Salí hacia el último país de mi periplo asiático durante un mes: Tailandia, un país con 70 millones de habitantes y 38 millones de visitantes, lleno de un litoral paradisiaco.

Y, aunque mi propósito no era visitar playas, me detuve a contemplar la belleza del mar. Viajé en un bus hacia Bangkok, tomándonos tres horas llegar a la frontera.

Allí conocí un irlandés que tenía 15 años retornando a Tailandia: él se convirtió en mi fuente de información. Cuando llegamos a la frontera, con un ademán amistoso me invitó a seguirlo. Hicimos los controles juntos y me contó que trabajaba como carpintero de construcción, que había dejado de beber la noche anterior y ahora trabajaría sin descanso los siguientes meses para juntar dinero y retornar al sur de Asia. Tenía algo muy importante: disciplina.

Recibes tan poca información por problemas lingüísticos, que nada te asegura que todo va a estar bien, pero funciona.

Bangkok es una ciudad moderna con muchas actividades recreativas. Es limpia y, a pesar de que no hay gente mendigando, la hay durmiendo en las calles. El clima benigno influye, no sé cómo será durante el invierno.

Tailandia es una monarquía constitucional donde los súbditos adoran a la familia real, una combinación de liberalismo y conservaduría. El rey es una de las personas más ricas del mundo.

Allí he estado bebiendo pequeñas botellas de cerveza: en algunos casos, es más barato que beber refrescos.

Tuve una agradable sorpresa al darme cuenta de que la marihuana es legal y, a pesar de que no soy un gran marihuanero, me provocó fumar para relajarme. Compré un cigarrillo roleado y lo acabé en un par de noches.

Súper stoned fui al coliseo a ver boxeo tailandés: buenas peleas y excelente energía entre el público.

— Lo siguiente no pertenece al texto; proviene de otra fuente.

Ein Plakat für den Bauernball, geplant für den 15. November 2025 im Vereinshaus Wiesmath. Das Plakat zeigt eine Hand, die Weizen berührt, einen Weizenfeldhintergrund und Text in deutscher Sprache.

La noche siguiente fui a ver espectáculos para adultos: fue una gastadera inútil de dinero.

Volé hacia Chiang Mai, al norte, una ciudad mucho más pequeña y con un gran ambiente de montaña.

Visité un santuario de elefantes: una caminata de dos días llena de caídas de agua y jóvenes europeas que viajan solas, gracias a la seguridad existente. El budismo también tiene sus ventajas y la gente es buena de corazón. Tal vez retorne a visitar el sudeste asiático.